Nell’incontro con i genitori de gruppi delle medie, in previsione dell’avvio con tutti i gruppi, è stata condivisa una generale situazione di profonda incertezza che destabilizza, anche in quei percorsi educativi ecclesiali che risentono maggiormente di questa situazione di fragilità.
La catechesi, ancora legata a forme dottrinali scolastiche e sacramentali, impedisce di fatto la scoperta del vangelo nella sua provocante e attuale freschezza. Il Vangelo, o parla concretamente alla vita (cambiandola), oppure resta muto! Nella catechesi, sovente, parlano tante cose, anche una variegata e ricercata estrosità nei metodi, ma il vangelo, purtroppo rimane muto!
Se poi pensiamo al divario esistente tra parrocchia e famiglia nel delicato compito di educazione alla fede (e non alla religione), a motivo di una delega in toto alla Parrocchia, i risultati non possono che essere mortificanti. Credo sia importante partire da un attento ascolto della realtà di oggi e agire di conseguenza.
Era 10 novembre 2015, quando papa Francesco in un coraggioso intervento a Firenze, definiva il momento che stiamo vivendo come un ‘cambiamento d’epoca’. Assistiamo infatti a profonde e irreversibili trasformazioni della società e della Chiesa: “Quella che stiamo vivendo non è semplicemente un’epoca di cambiamenti, ma è un cambiamento d’epoca. Siamo, dunque, in uno di quei momenti nei quali i cambiamenti non sono più lineari, bensì epocali; costituiscono delle scelte che trasformano il modo di vivere, di relazionarsi, di comunicare ed elaborare il pensiero, di rapportarsi tra le generazioni umane di comprendere e di vivere la fede e la scienza” (Papa Francesco).

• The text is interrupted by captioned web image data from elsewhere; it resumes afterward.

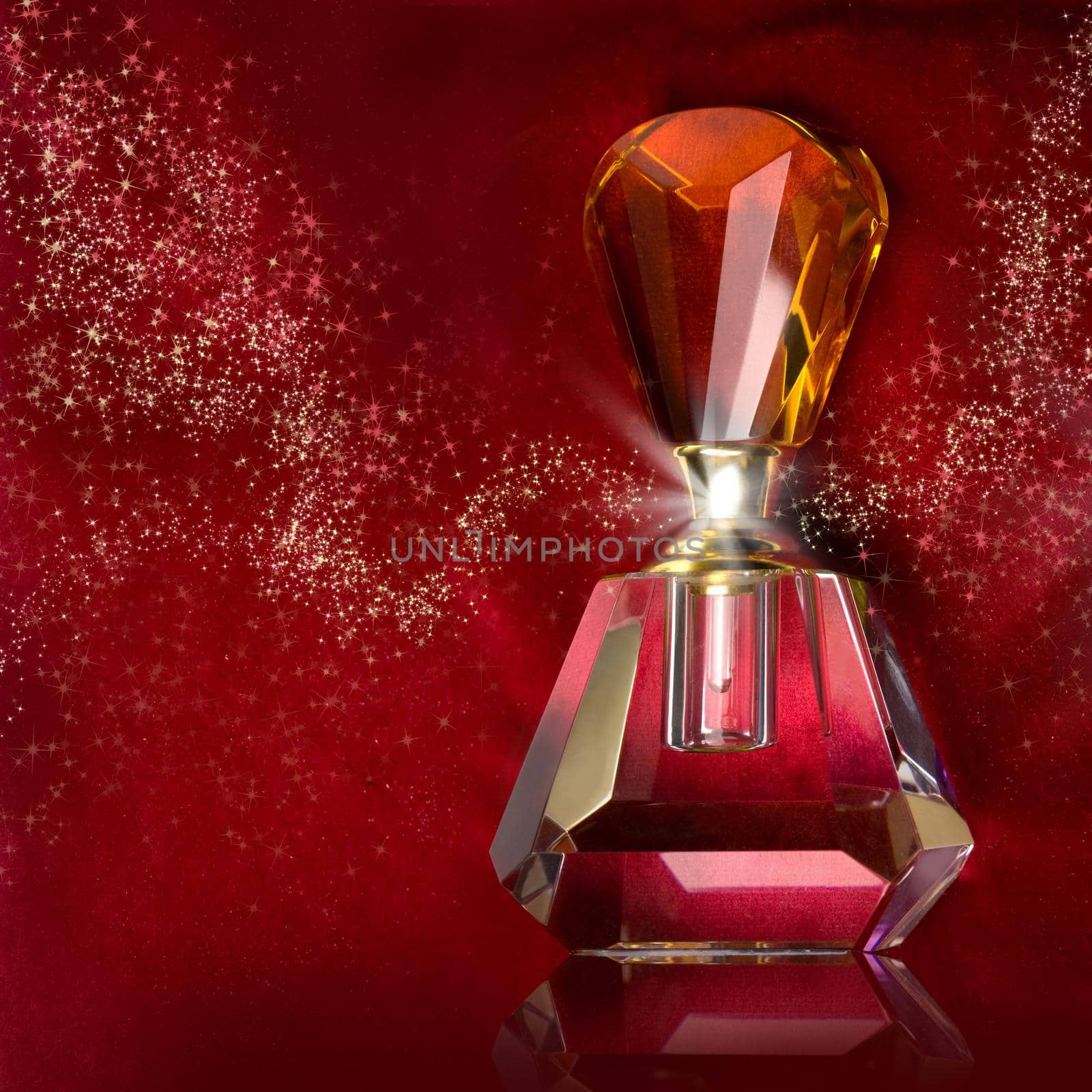 bottle of perfume on a dark red background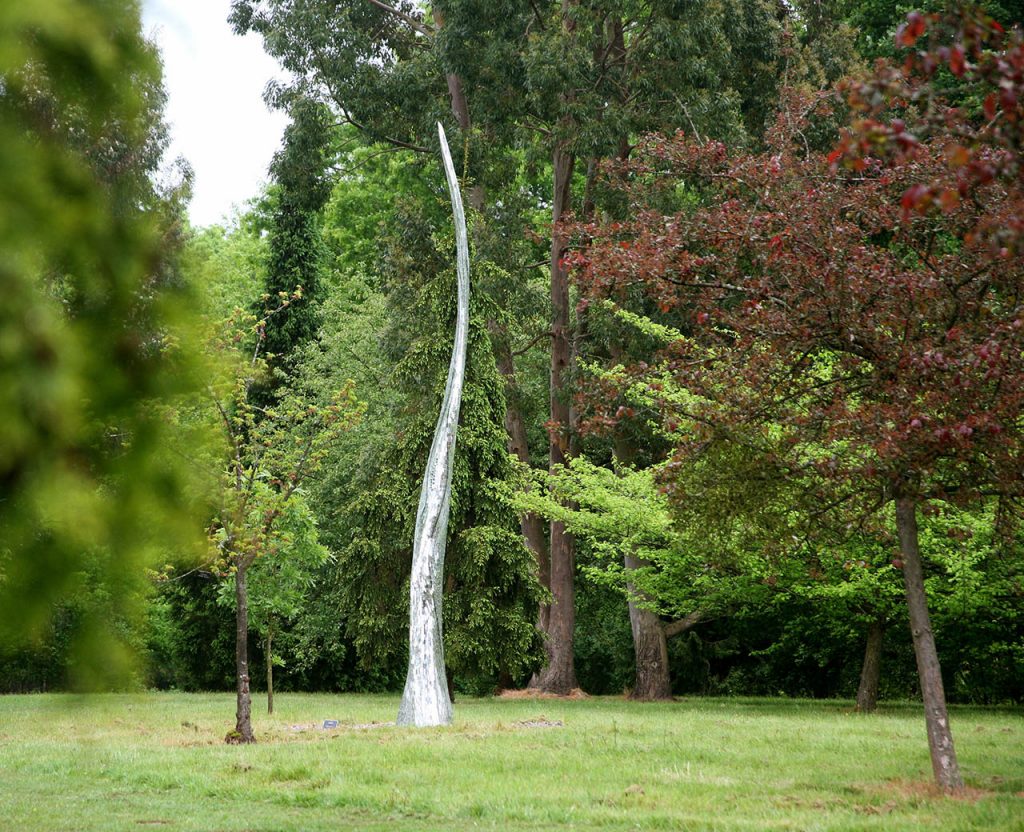 A tall, archived sculpture called Reed II by Rebecca Newnham mosaiced in silver enameled glass and standing among trees in early summer. Photographed by David Bird.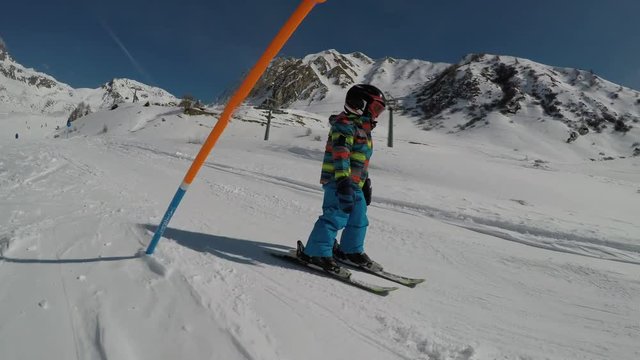 Little boy skiing.
Little boy enjoying skiing. Child learning to ski. Stabilized footage. Slow motion.
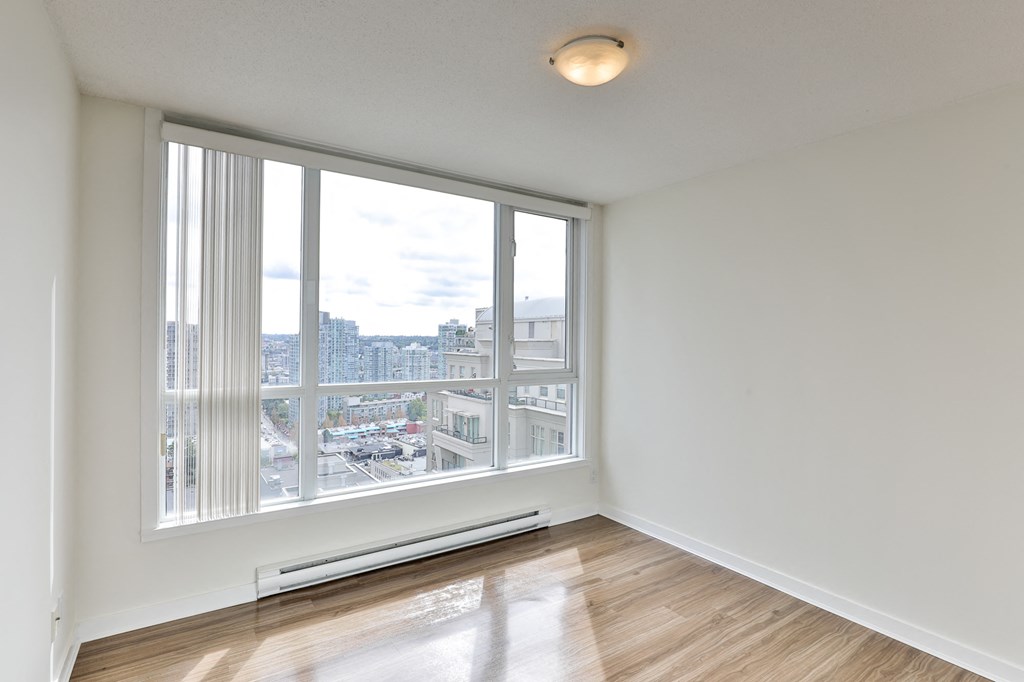 an empty living room with large windows and a city view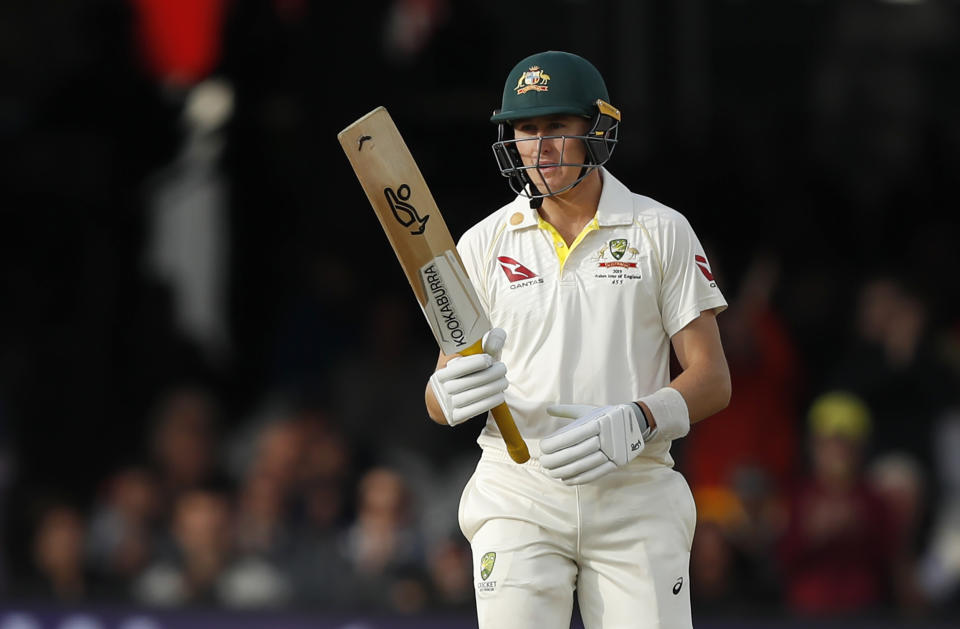 Australia's Marnus Labuschagne acknowledges the crowd after getting 50 runs not out during play on day five of the 2nd Ashes Test cricket match between England and Australia at Lord's cricket ground in London, Sunday, Aug. 18, 2019. (AP Photo/Alastair Grant)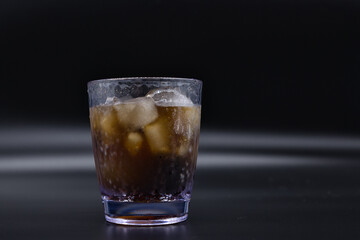 Soda and ice in a clear plastic cup.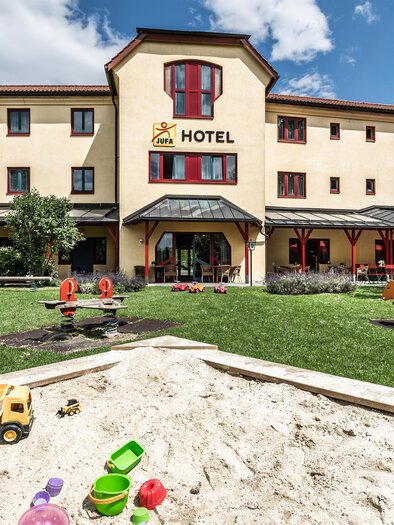 JUFA Hotel in Maria Lankowitz mit Terrasse, Garten und Spielplatz mit Sandkiste vor dem Gebäude. | © Lipizzanerheimat-Lenz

Questa non è una bella frase di cui riempirsi la bocca, ma un tema cruciale da tenere presente per leggere e interpretare la realtà, specialmente in relazione all’annuncio del vangelo nella catechesi. Noi (preti, catechisti e operatori pastorali a vario titolo) di fatto abbiamo paura dei cambiamenti, in particolare nella catechesi. Sappiamo bene che, un cambiamento, inevitabilmente porterà la Chiesa ad essere socialmente meno rilevante e la componente numerica sarà destinata a ridursi.
Ci sentiamo ancora in ostaggio a vecchi schemi del passato e non riusciamo ad attivare quel rinnovamento che lo Spirito (e anche la società) oggi sta chiedendo alla Chiesa.
In gioco c’è l’obbedienza a Dio e l’obbedienza all’uomo. Non dimentichiamo che, quanto auspicato dal RdC al n 160, pubblicato oltre cinquant’ anni fa, continua ancora a essere valido ma per certi disatteso: la fedeltà a Dio passa attraverso un’autentica fedeltà all’uomo.
Il cambiamento che il mondo ha subito e sta subendo, non è solo di superfice, ma è sostanziale. Non sono solo aumentati i beni e le possibilità che abbiamo, sono cambiate le modalità e il senso con cui ci rapportiamo al mondo, alla natura, alle persone, agli animali…
Il nostro modo di essere sulla terra è nuovo e differente.
Un esempio: la parola vecchiaia è stata bandita dal nostro vocabolario (è diventata una parola tabù!) ma tutti sono sempre giovani, col rischio che nessuno diventi maturo. E i cristiani non possono fare finta di niente, sperare che tutto torni magicamente come prima, o peggio ancora lottare contro il tempo e la realtà.